I want DULLMIBT to grow in public. The GitHub card above points at the repository that holds task definitions, helper scripts, and documentation.

Open an issue for new layer ideas, unclear task wording, scoring edge cases, or Unity version notes. Pull requests are welcome for tasks, fixtures, docs, and tooling. See CONTRIBUTING.md in the repo for branch names and review expectations.

If you publish scores or comparisons, tie them to a benchmark revision and a short methodology note so others can reproduce your runs. Same habit as any serious eval.

Scoring the benchmark

Each layer is scored out of 100 points across structural, technical, and visual criteria. Seven layers, 700 points total. Layer 1 (terrain) carries an additional map size multiplier (0.5× to 1.3×) so larger, more densely featured worlds are rewarded.

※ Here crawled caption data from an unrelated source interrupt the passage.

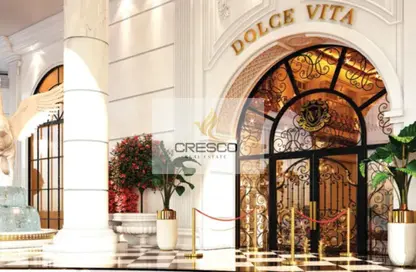 Apartment - 1 Bedroom - 2 Bathrooms for sale in Vincitore Dolce Vita - Arjan - Dubai
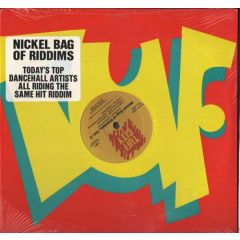 Various Artists - Various Artists - Nickel Bag Of Riddims Volume 2 - Tuff City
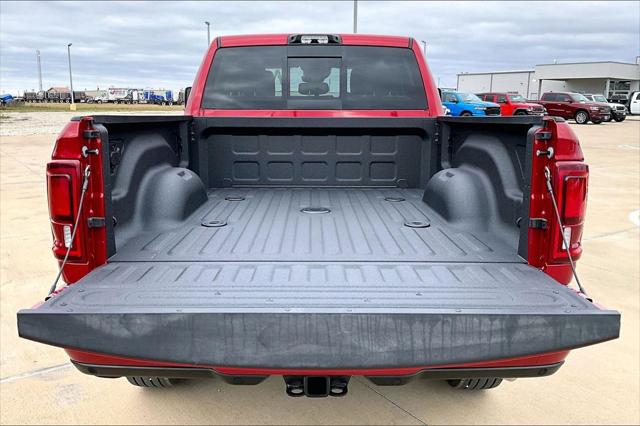 2026 Ram 2500 Laramie Crew Cab 4x4 6'4" Box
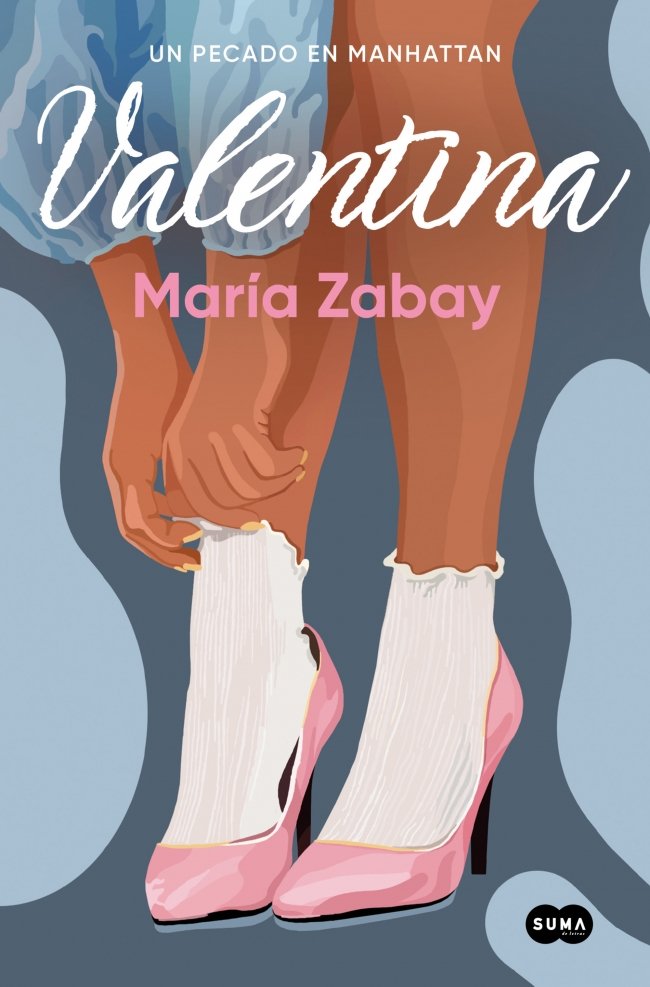 VALENTINA, de ZABAY, MARIA | portada del libro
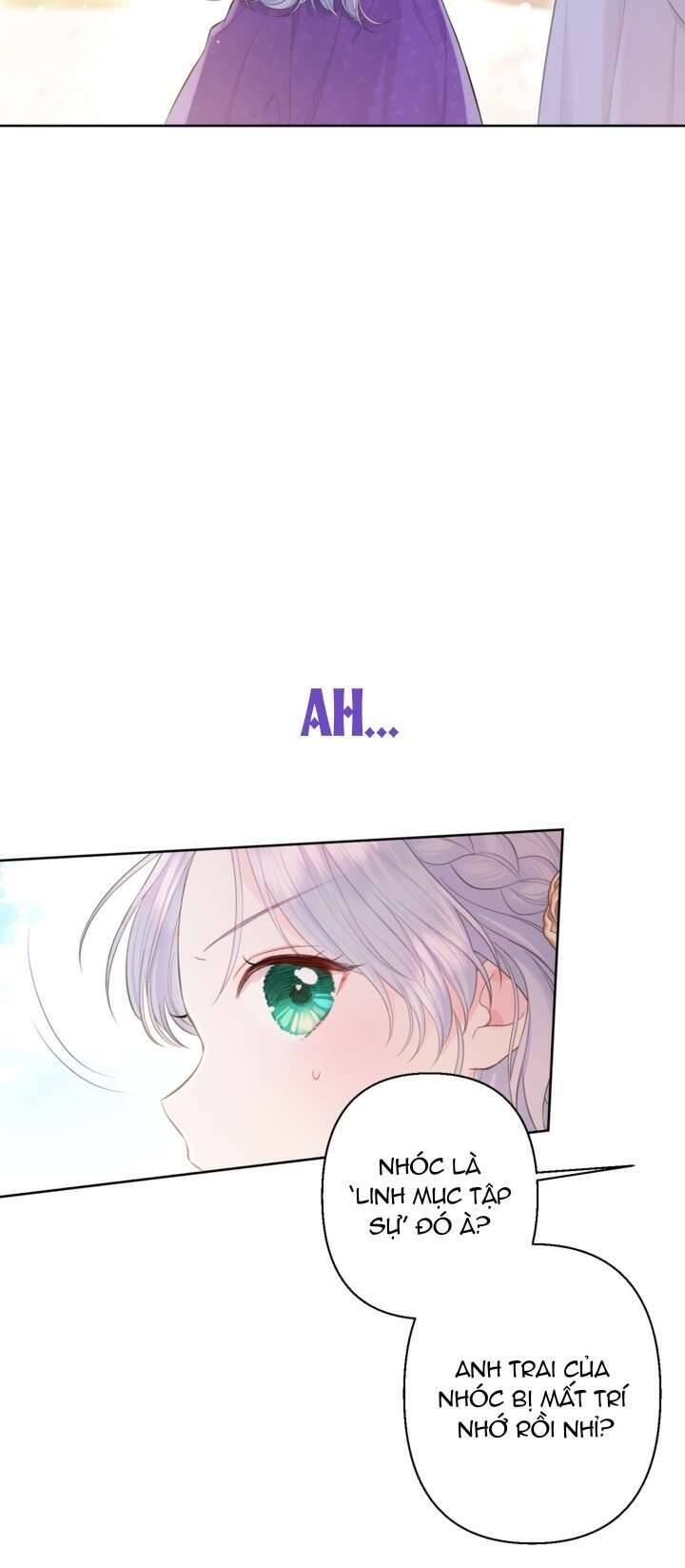 Anh Trai Mạnh Nhất Của Tôi Đã Mất Trí Nhớ Chapter 6 - Trang 2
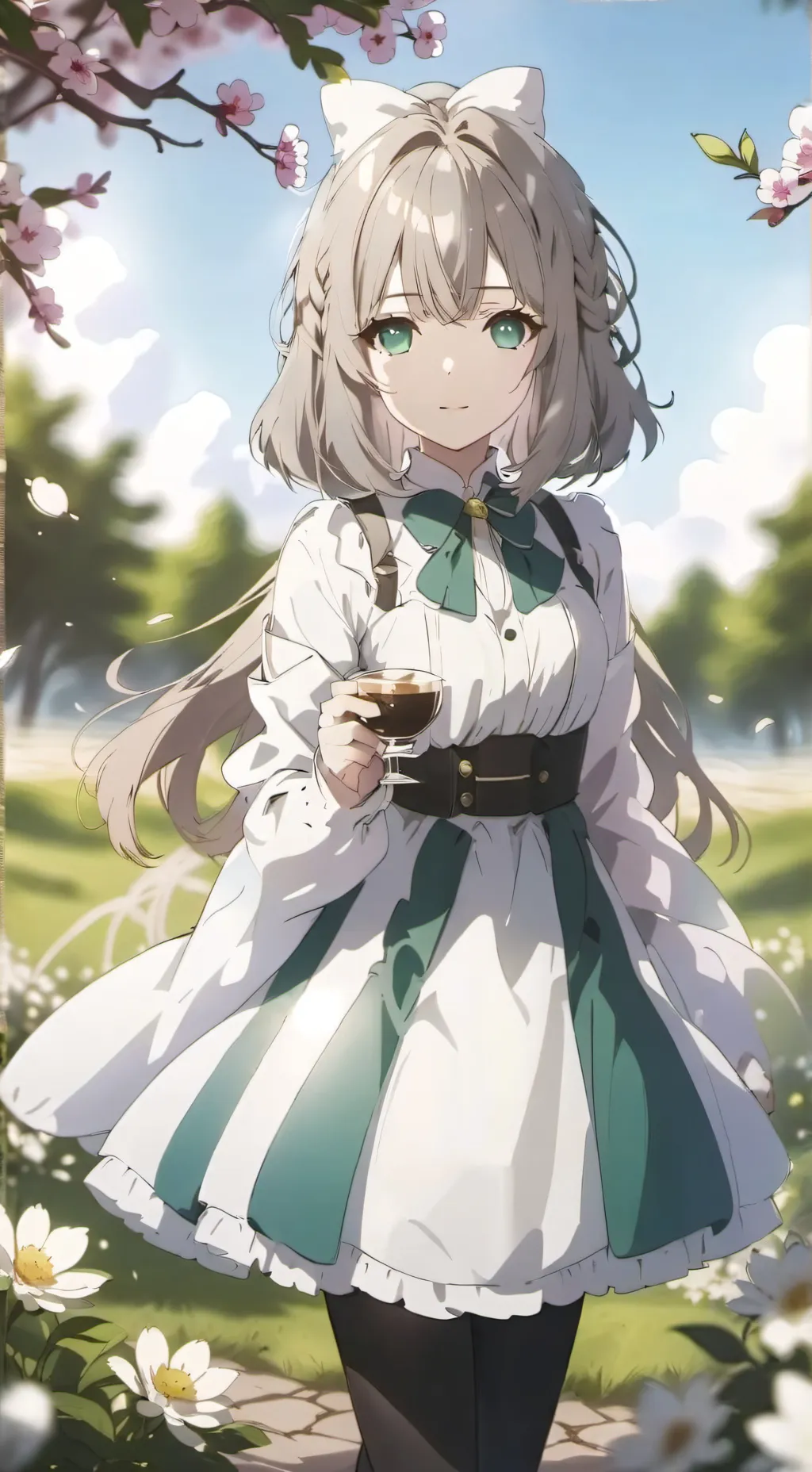 ai character: ia background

Smaller maps are not penalized for being smaller, only for being thinner.

To keep results comparable, log the same facts every time. Benchmark revision, LLM model id and any temperature or API settings, whether Unity MCP was active or you ran in script fallback mode, Unity version, and platform. If you change the prompt, editor layout, or packages mid run, start a new scored attempt.

Scope What it covers
Per layer Each layer ships with its own rubric in START-BENCHMARK.md. Layer 1 weights structure heavily (zone differentiation, river quality). Layer 5 weights post processing setup. Layer 4 weights placement quality on the props themselves.
Per run The sum of all seven layer scores. A clean run scoring 9 to 10 on every criterion means the agent met every requirement, the scene is reproducible, and there are no compile errors or floating objects.
Across models Only compare runs that share the same benchmark revision, Unity minor version band, execution mode (MCP or script-fallback), and scoring sheet version.

Automated checks (scene queries, edit tests, CI) may ship later. Until then, human review against the rubric in START-BENCHMARK.md stays the baseline.